INPUT FOR THIS TASK —
↓↓↓

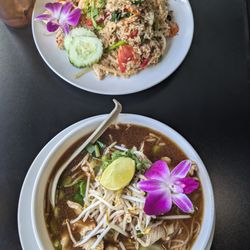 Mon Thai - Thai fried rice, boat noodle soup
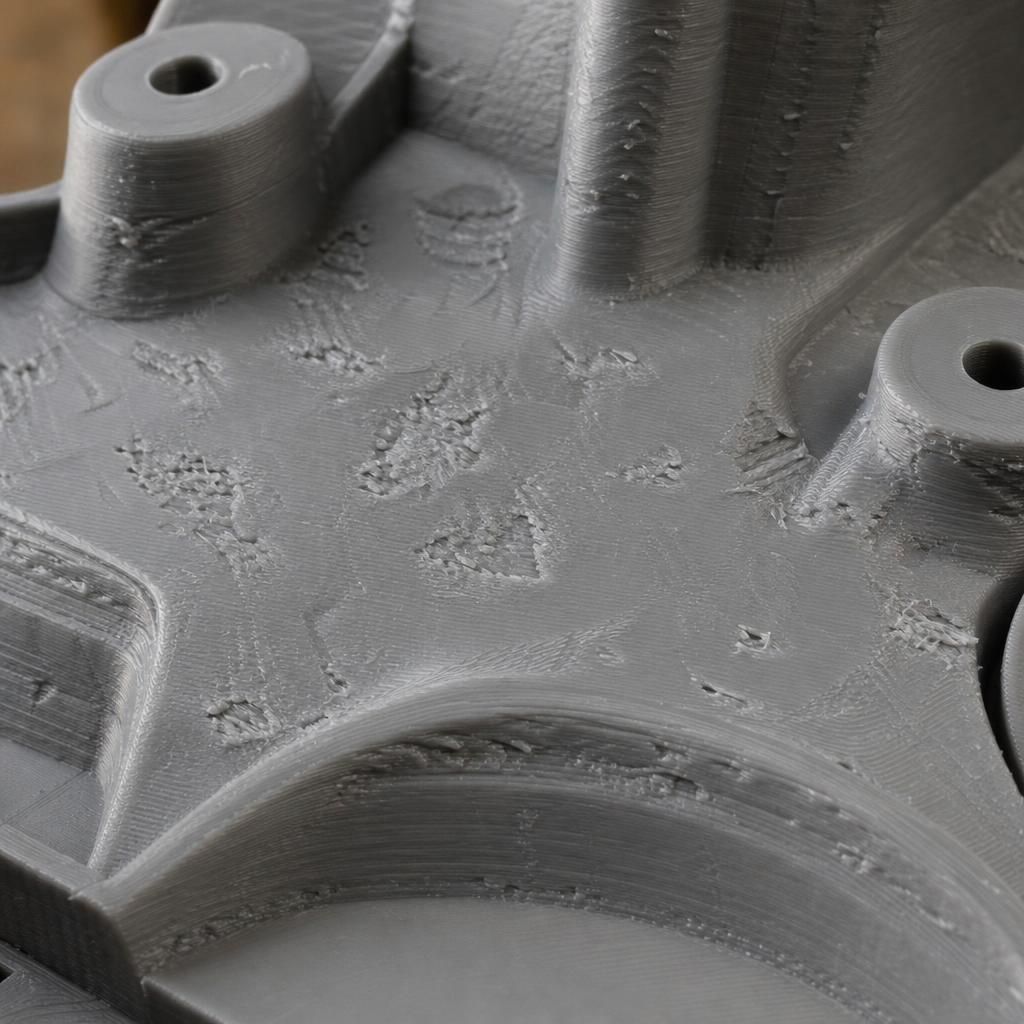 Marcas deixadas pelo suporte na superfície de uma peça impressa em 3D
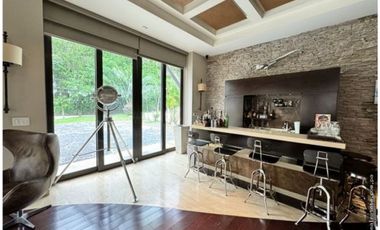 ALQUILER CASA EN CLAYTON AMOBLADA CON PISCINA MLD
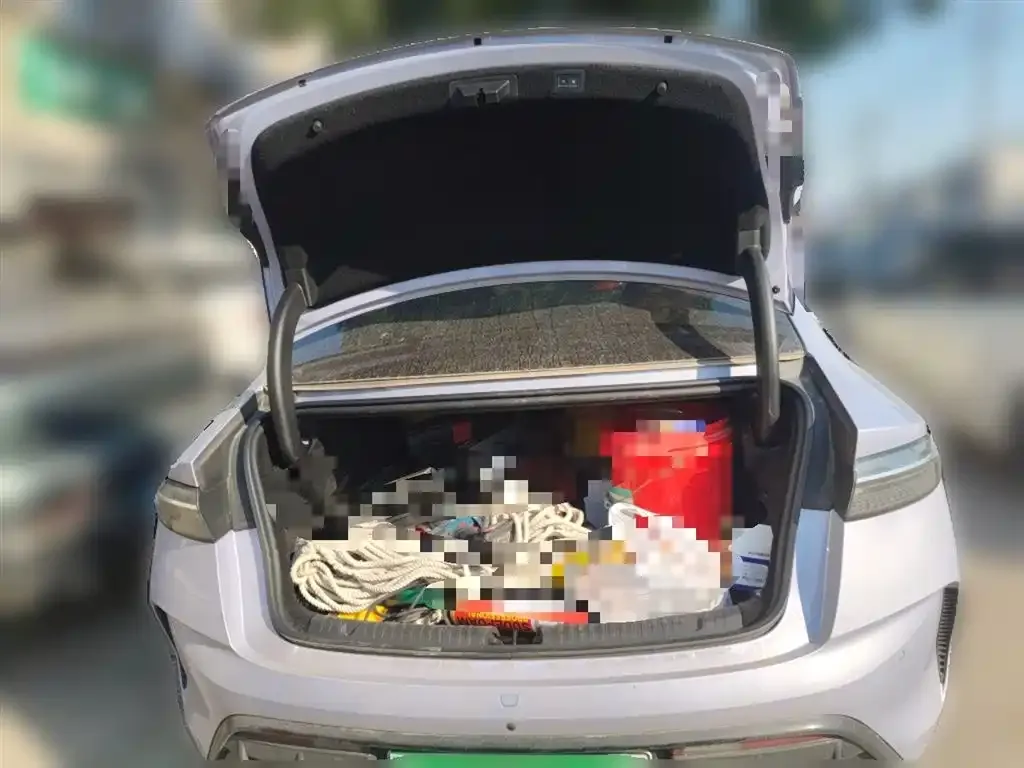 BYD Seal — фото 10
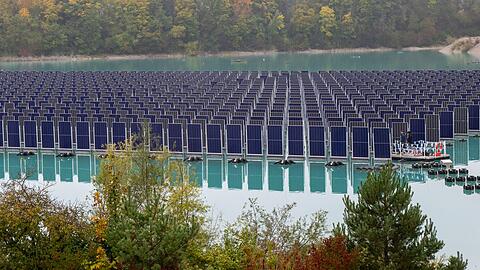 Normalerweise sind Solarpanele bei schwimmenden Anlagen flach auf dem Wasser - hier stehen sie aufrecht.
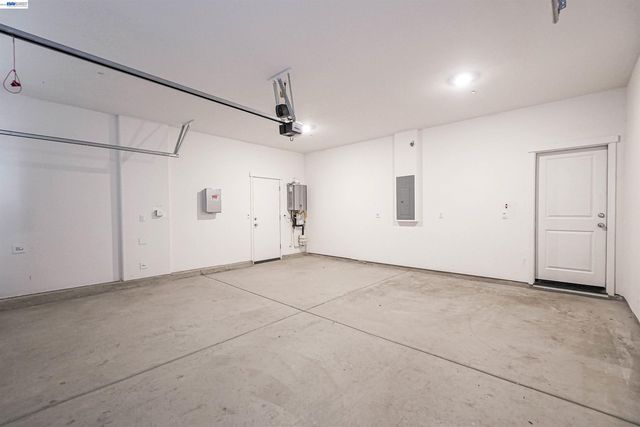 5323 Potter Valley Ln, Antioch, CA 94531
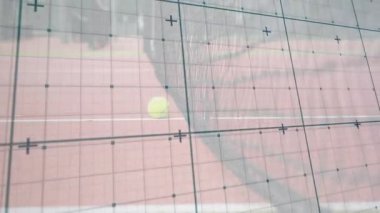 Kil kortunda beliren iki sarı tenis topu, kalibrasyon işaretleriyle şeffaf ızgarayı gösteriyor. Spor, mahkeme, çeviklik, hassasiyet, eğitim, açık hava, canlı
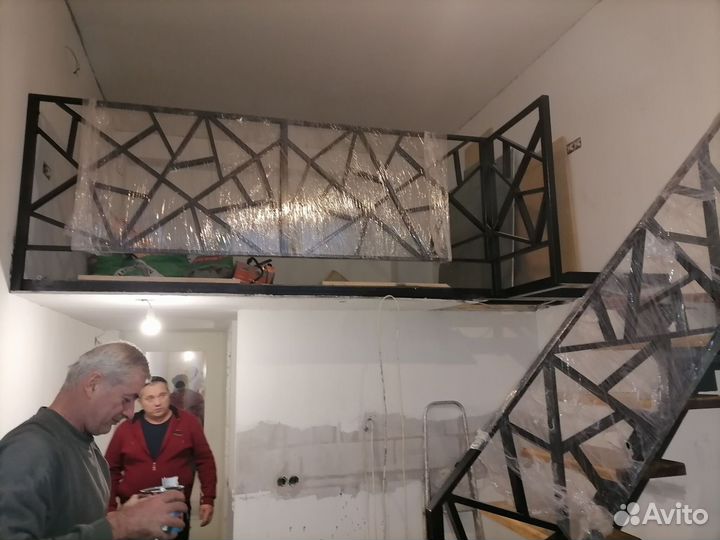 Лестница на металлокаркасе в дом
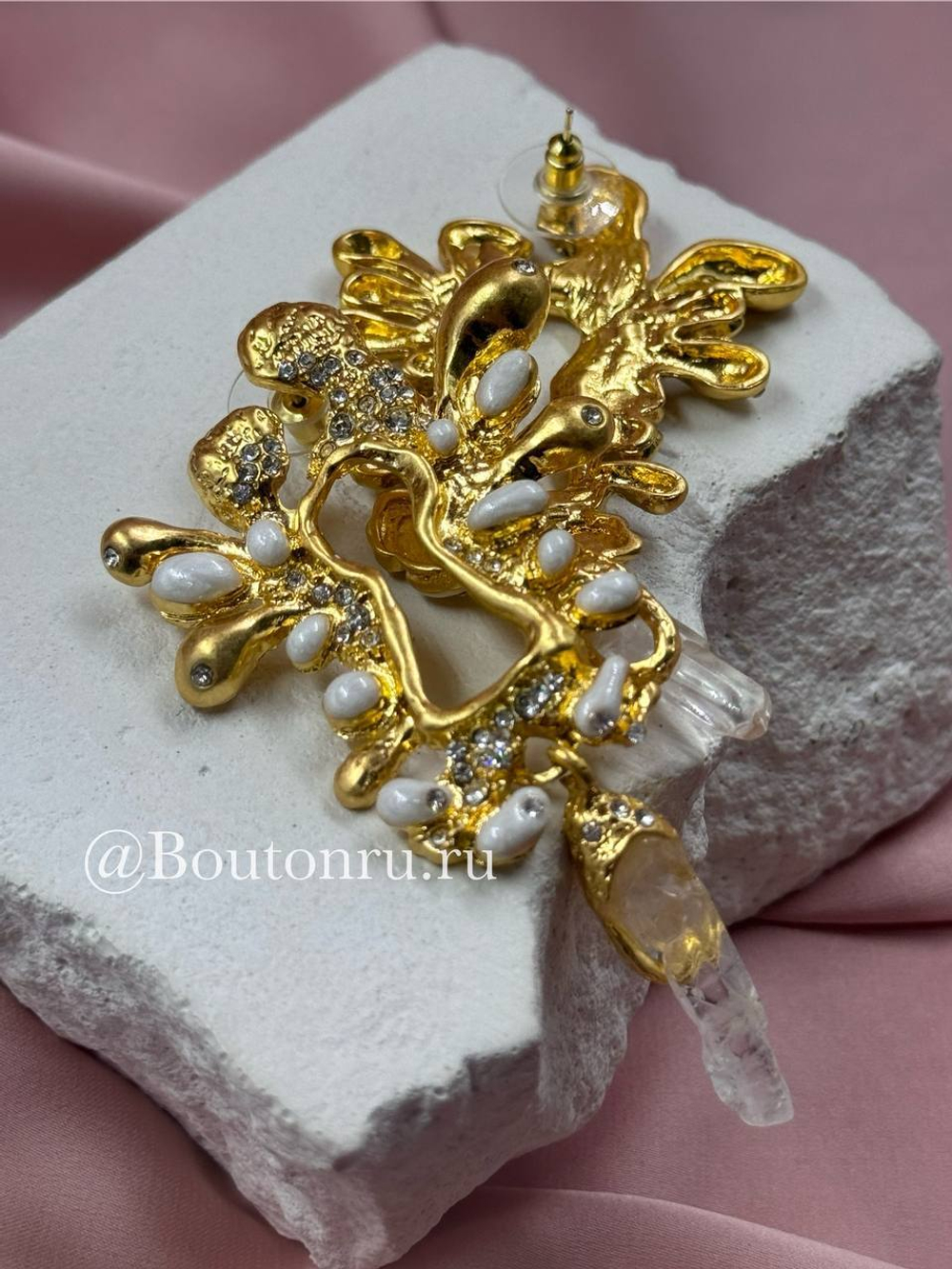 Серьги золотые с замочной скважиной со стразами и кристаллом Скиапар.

↑↑↑

Give back each entry verbatim but drop its pictures.

 Mon Thai - Thai fried rice, boat noodle soup
 Marcas deixadas pelo suporte na superfície de uma peça impressa em 3D
 ALQUILER CASA EN CLAYTON AMOBLADA CON PISCINA MLD
 BYD Seal — фото 10
 Normalerweise sind Solarpanele bei schwimmenden Anlagen flach auf dem Wasser - hier stehen sie aufrecht.
 5323 Potter Valley Ln, Antioch, CA 94531
 Kil kortunda beliren iki sarı tenis topu, kalibrasyon işaretleriyle şeffaf ızgarayı gösteriyor. Spor, mahkeme, çeviklik, hassasiyet, eğitim, açık hava, canlı
 Лестница на металлокаркасе в дом
 Серьги золотые с замочной скважиной со стразами и кристаллом Скиапар.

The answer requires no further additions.